Iperbole perfetta, mai era una parola sfacciata, soprattutto per essere un avverbio. Illimitata e indiscriminata, mai riusciva in ciò a cui poche parole arrivavano. Rifiutava di essere qualificata, di soccombere alla razionalità o d'esserne imbrigliata per più d'una sola frase. Mai sconfiggeva la logica e, per Abigail Harker, nulla poteva essere più sconvolgente.
Abigail notava sempre gli accenti, le espressioni gergali, i colloquialismi. Le tendenze verbali erano la prova, secondo il suo punto di vista, delle capacità della lingua, della sua forza. Era un prodigio in sè e per sè. Gli abusi che essa sopportava erano impressionanti. Le parole venivano abbreviate, allungate, saccheggiate e imbastardite, eppure sopravvivevano, sempre flessibili. Le parole avevano una resistenza che lei invidiava loro.
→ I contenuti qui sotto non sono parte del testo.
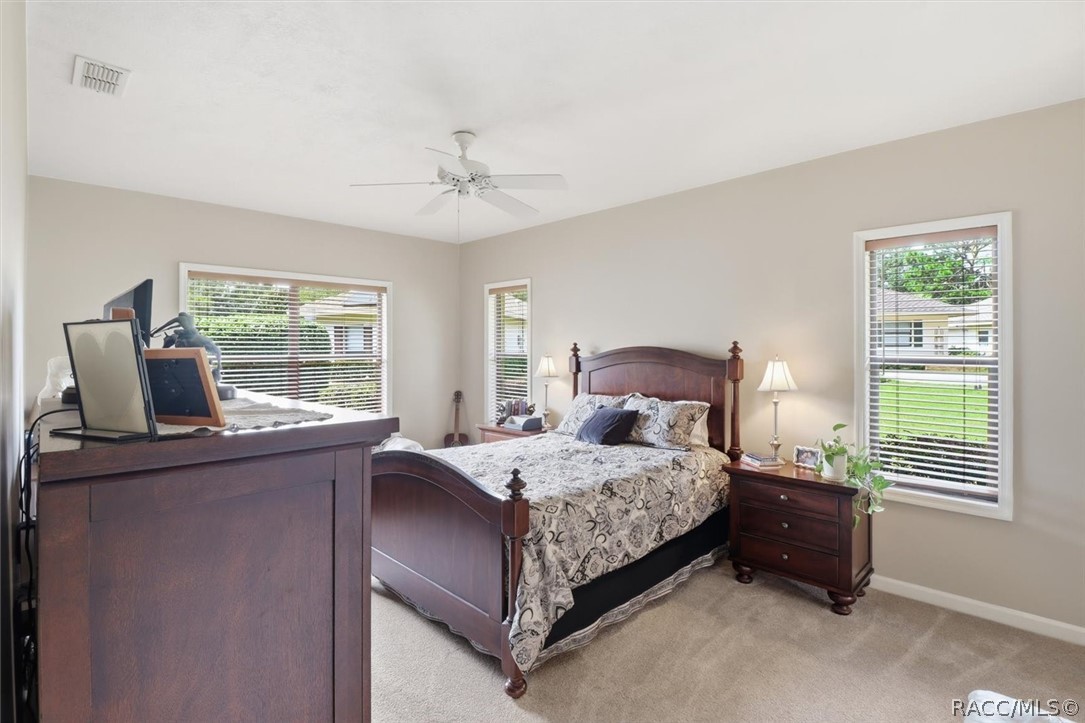 Bedroom with a dark wood bed, matching nightstand, and windows with white blinds.
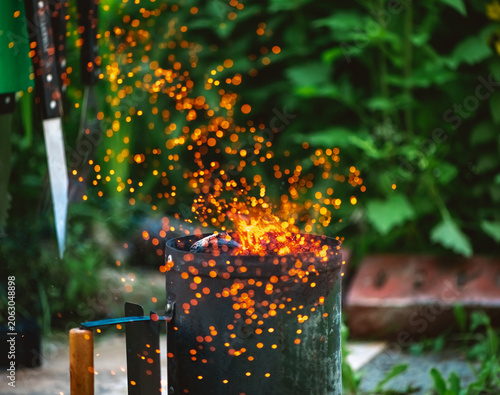 Charcoal briquettes are igniting inside a metal chimney starter, generating brilliant orange sparks and flames, preparing for outdoor grilling and cooking in a garden setting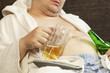 Foto: Drunk man asleep with a beer in the hands of Drunk man asleep with a beer in the hands of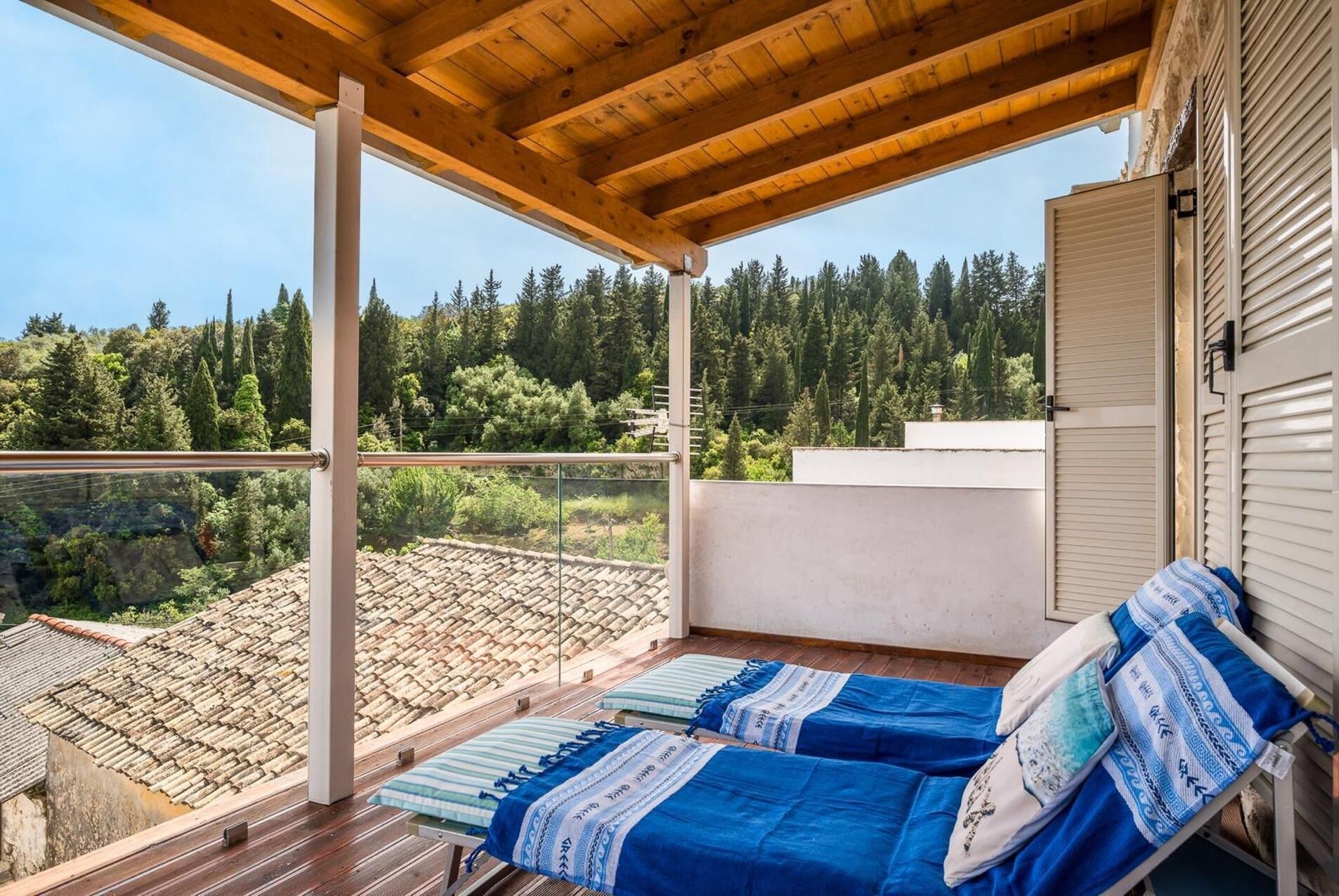 Ein Balkon mit zwei Betten, einer Holzbalkendecke und Blick auf ein bewaldetes Gebiet.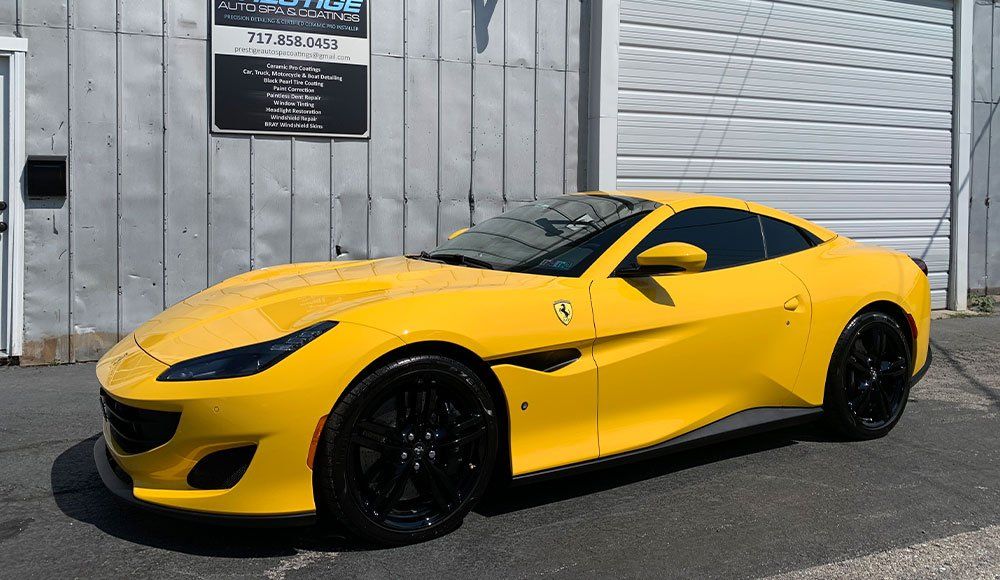 A yellow ferrari is parked in front of a garage door.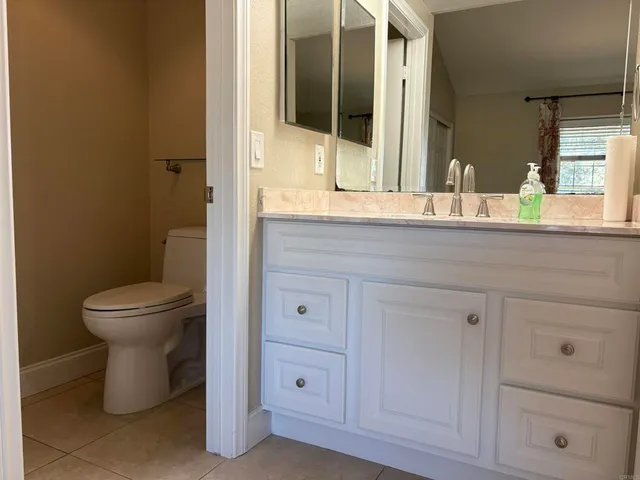 a bathroom with a granite countertop sink mirror and double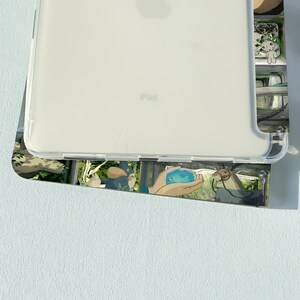May include: A clear iPad case with a colorful design featuring cartoon characters. The case is made of a transparent material, allowing the device's back to be visible. The design includes various illustrations.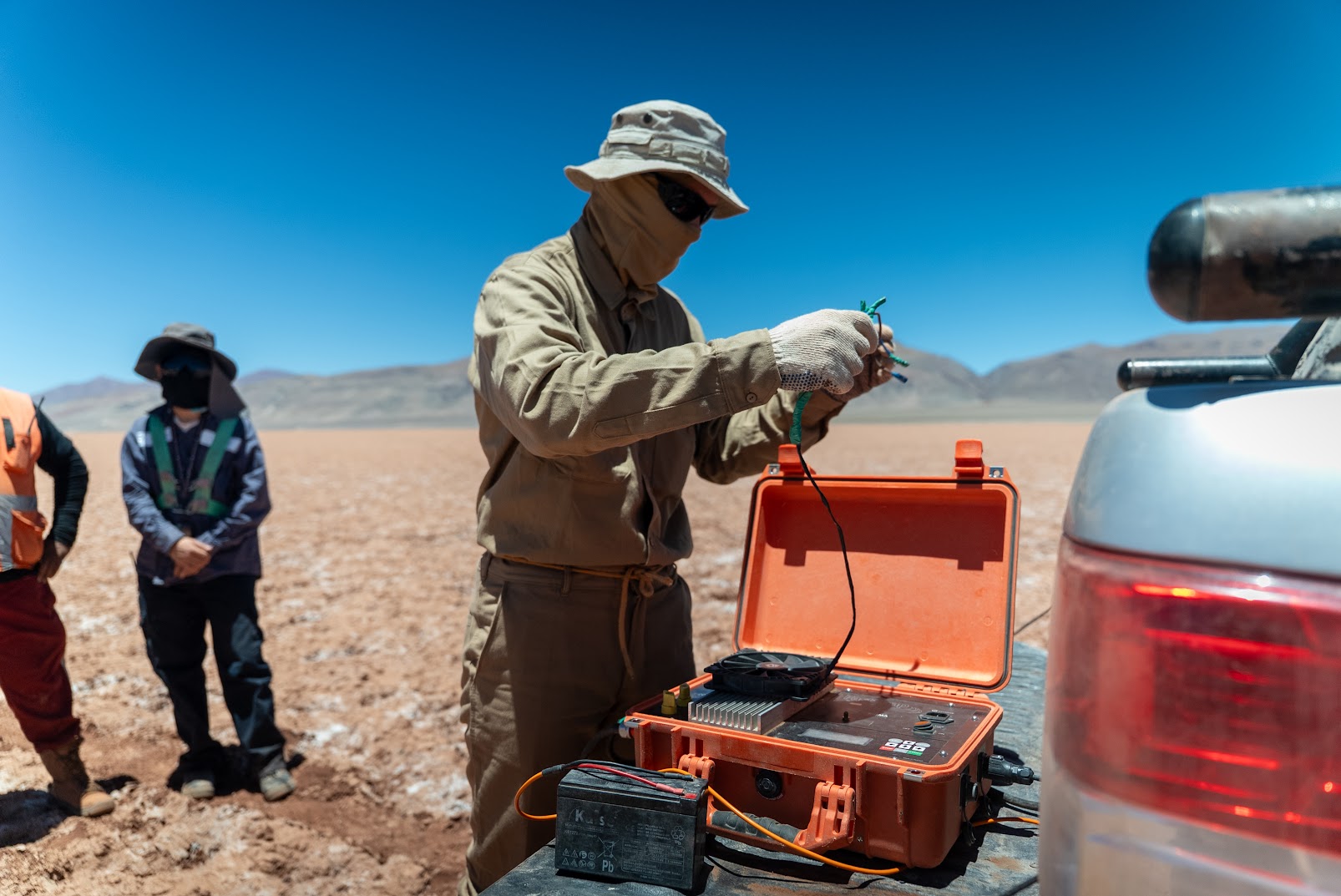 Operator connecting cables to a TEM transmitter unit on a truck bed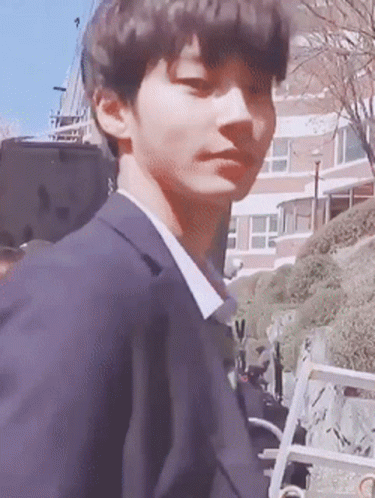 A Young Man In A Suit Is Standing In Front Of A Building Looking At The Camera . GIF
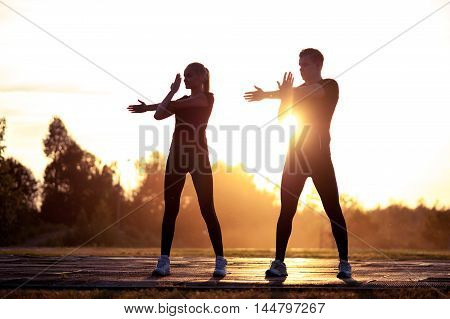 Two silhouettes of young healthy man and woman exercising at sunset. Fitness or running workout outdoors
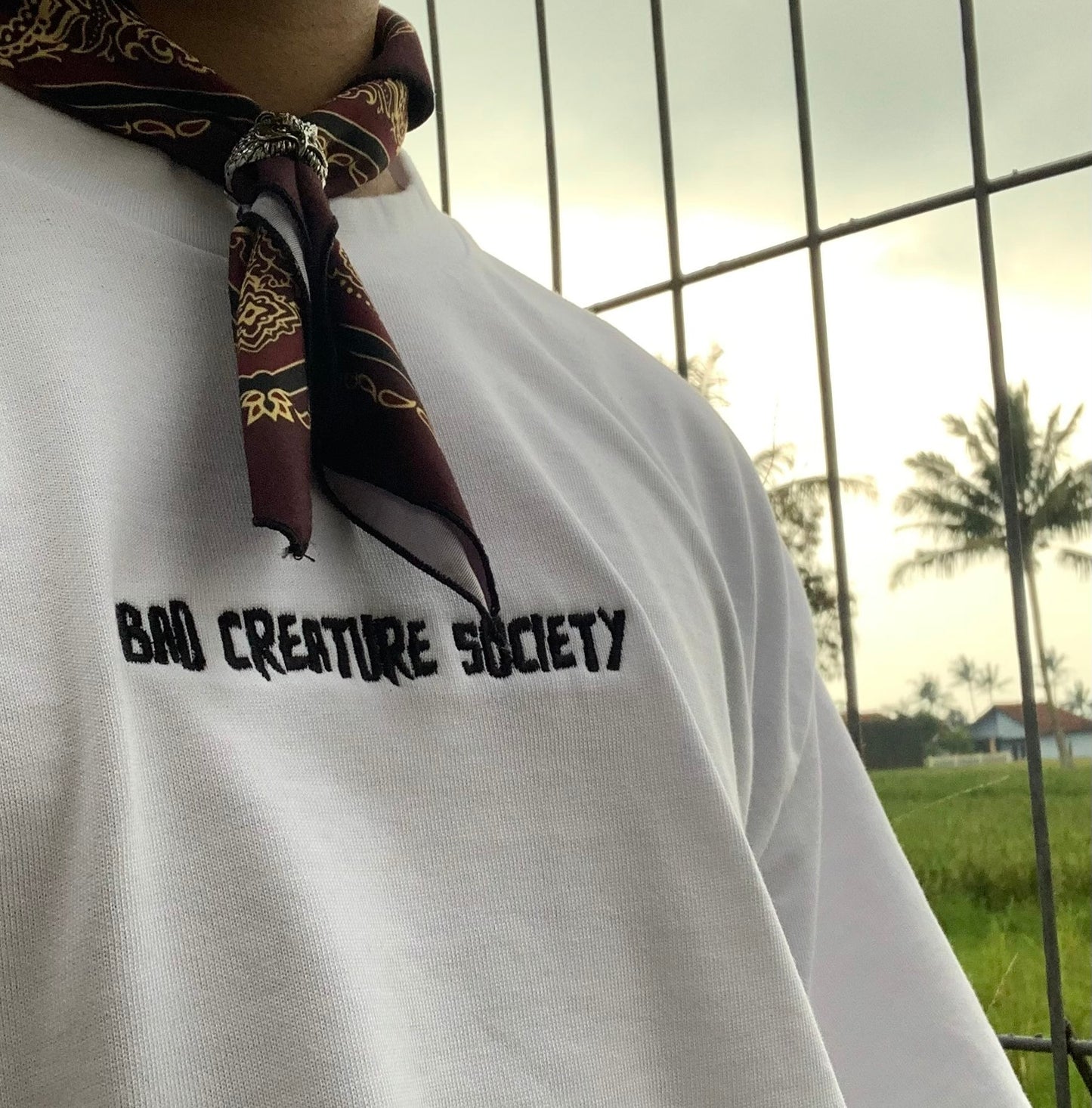 a close up of the white tee, with the wearer also wearing a patterned neck-scarf. Outside in front of a metal cage.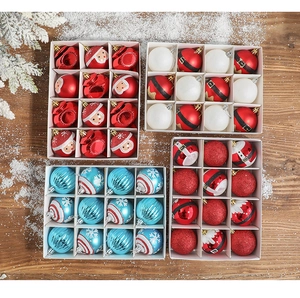 Flat lay of red and white Christmas balls with glitter snowflake on wooden background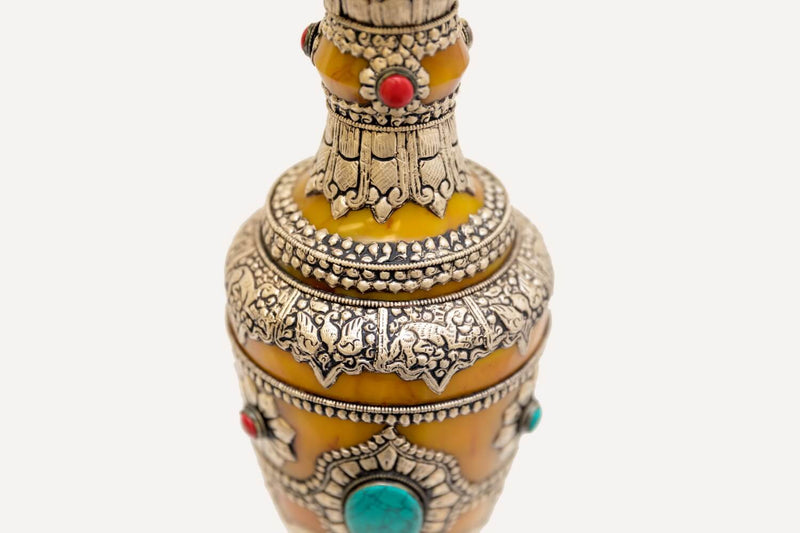 Amber Silver Vase With Turquoise & Coral Gemstones. This delicate hand made Carved vase is made in Nepal with real Amber and gemstones with Silver hand carving of the flowers and dears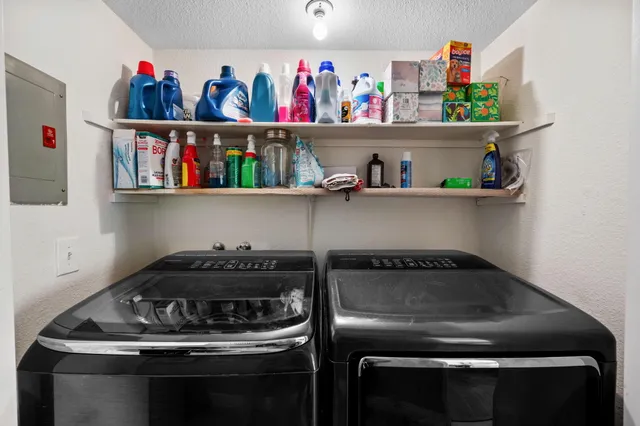 a view of a house with a big yard and potted plants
Il bisogno di essere ricordati è un istinto. Nessuno vuole essere dimenticato, svanire, perdersi nella memoria. Ecco perchè la gente scarabocchia parole dappertutto, dalle panche ai cavalcavia, ai marciapiedi di calcestruzzo ancora freschi. Le ferite che lasciano nella materia non la fanno dimenticare. A volte, però, ricordare può essere anche peggio dell'essere dimenticati. Abigail lo sapeva. Ricordare apre una ferita diversa.